Beyond Hollywood
February 15, 2010A young woman finds a way to deal with the rape of her mother in the Peruvian Civil War; a family's life in the Philippines during US occupation: these are stories not often seen in Hollywood blockbusters but rather in low-budget, independent films that are not always easy to find.
For over five years, the Berlin-based World Cinema Fund has supported such independent productions from around the world, and its backing is crucial for filmmakers from countries with little film-industry aid.
The 2009 Peru film "La Teta Asustada" ("The Milk of Sorrow"), a film about Peru's Civil War, is one such movie. Director Claudia Llosa, who last year won a Golden Bear, the top prize awarded at the Berlin Film Festival, tells the story of a daughter who inherits her mother's pain and fear, and gives voice to that pain through songs sung in Quechua, the language of the indigenous people of Peru.
"When we started the World Cinema Fund five years ago, there was a need to become active in countries where cinematography is not fully developed, and where there is only little money," said Berlin Film Festival director Dieter Kosslick.
"It's not that we in Europe have too much money to make movies, but I think we can really share some of it," he added.

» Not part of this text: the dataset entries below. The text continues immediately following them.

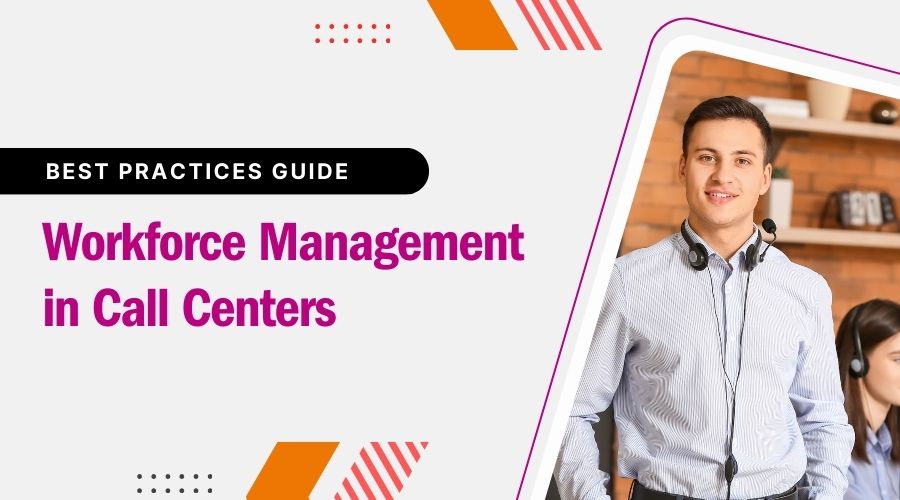 Workforce Management in Contact Centers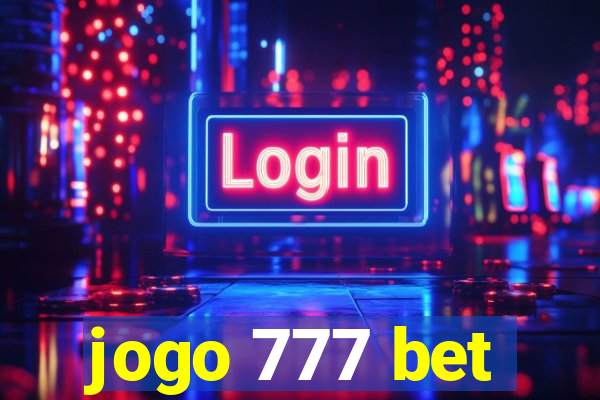 jogo 777 bet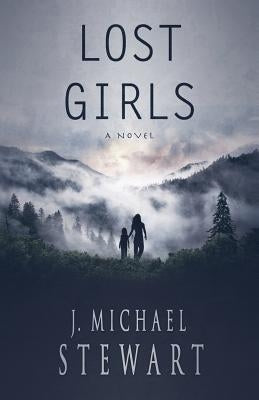 Lost Girls by Stewart, J. Michael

The search for authentic, local stories
The Fund's recipients hail mostly from Latin America, Africa and the Middle East, and it has helped diverse projects from countries including Mexico, Kyrgyzstan, Indonesia and Algeria. More than 70 films, both fiction and documentary, have benefited from the World Cinema Fund so far. Each production receives up to 50,000 euros ($68,700), with additional support for distribution, including subtitles and advertising to help the films make it into German cinemas.
"We feel a bit like pearl divers," said Sonja Heinen, a member of the World Cinema Fund jury. "We are looking for strong authentic stories originating in the region where they are going to be filmed; they should be rooted there."

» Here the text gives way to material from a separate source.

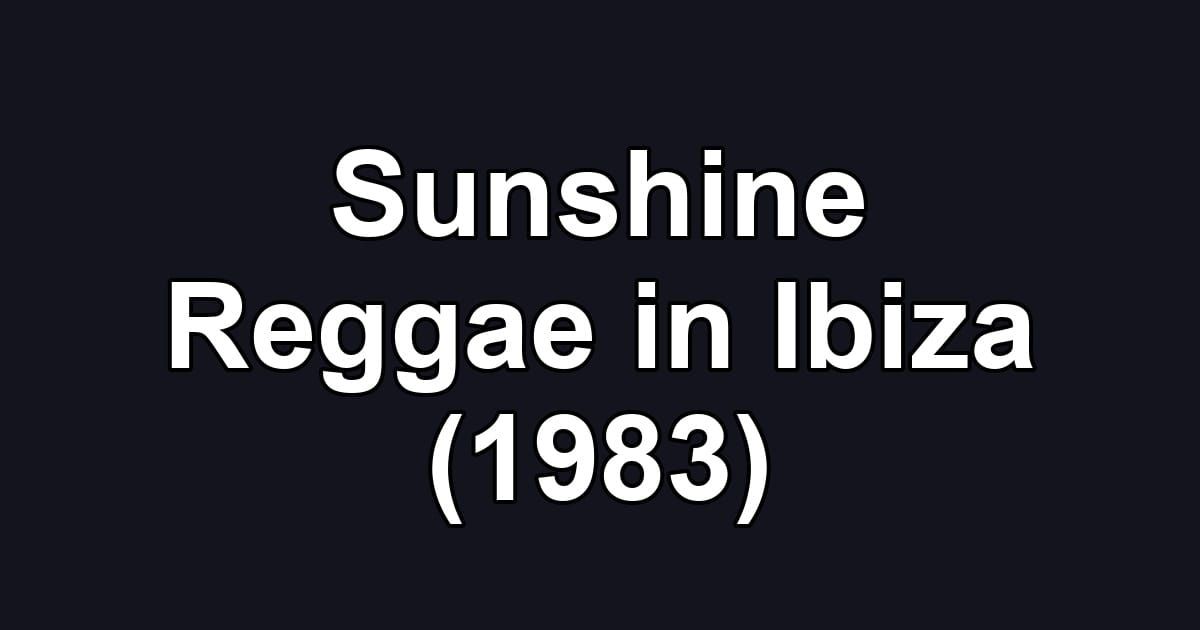 Sunshine Reggae in Ibiza (1983)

However, that doesn't mean that the films must have a political storyline, she added. The films are meant to be independent cinema, not mainstream, with innovative visual ideas, artistically sophisticated concepts and new forms of aesthetics.

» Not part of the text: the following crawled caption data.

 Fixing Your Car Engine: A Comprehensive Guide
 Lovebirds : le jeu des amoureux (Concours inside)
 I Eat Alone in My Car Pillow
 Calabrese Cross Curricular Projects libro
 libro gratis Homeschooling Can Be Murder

"Films that dare to do something new," said Heinen.
Few strings attached
Money provided through the World Cinema Fund can be spent entirely in the country in which the film is being shot, boosting local film industries, and there are few restrictions on how the money may be spent. Filipino director Raya Martin, who directed the film "Independencia" about the US-occupied Philippines, said he appreciated the freedom.
"These films won't be getting support from private institutions and very little from the government," he said. "The WCF is one of the few funders that really respect what the filmmaker wants to do."
It's very hard to find something like the World Cinema Fund nowadays, he added, since a lot of the institutions that support films impose their own ideas about the country onto the production.
Martin said he was surprised that the World Cinema Fund was not better known, given that many films it has supported have gone on to receive prestigious awards and nominations. The Palestinian film "Paradise Now," was nominated for an Oscar, and others were screened at the Cannes and Venice film festivals.
Money always an issue
But according to Michael Weber, who has co-produced several World Cinema Fund films, while festival glamour is all well and good, it's also important that the films are financial successes.
"It would be nice if I could say we're only doing that for artistic reasons, and because there are such great directors out there, and it's great to be a patron of the arts. But that's not the case," he said.
Weber has sold the rights for his film, "The Milk of Sorrow," to more than 30 countries, which is unusual for such a small art-house production. Films selected for partial funding by the World Cinema Fund are more attractive to producers as they present less of a financial risk than films without backing, Weber said.
Nevertheless, it's unclear how much longer the Fund will be able to support productions like "The Milk of Sorrow," since it currently receives most of its financial support from the German Federal Cultural Foundation, and that support is only guaranteed until next year. The Fund is now on the lookout for new partners.
"Everyone who gets involved in something like this hopes of course that a little jewel that comes into existence somewhere - which no one knows about at the beginning and which the WCF supports - will become a huge success," Weber said.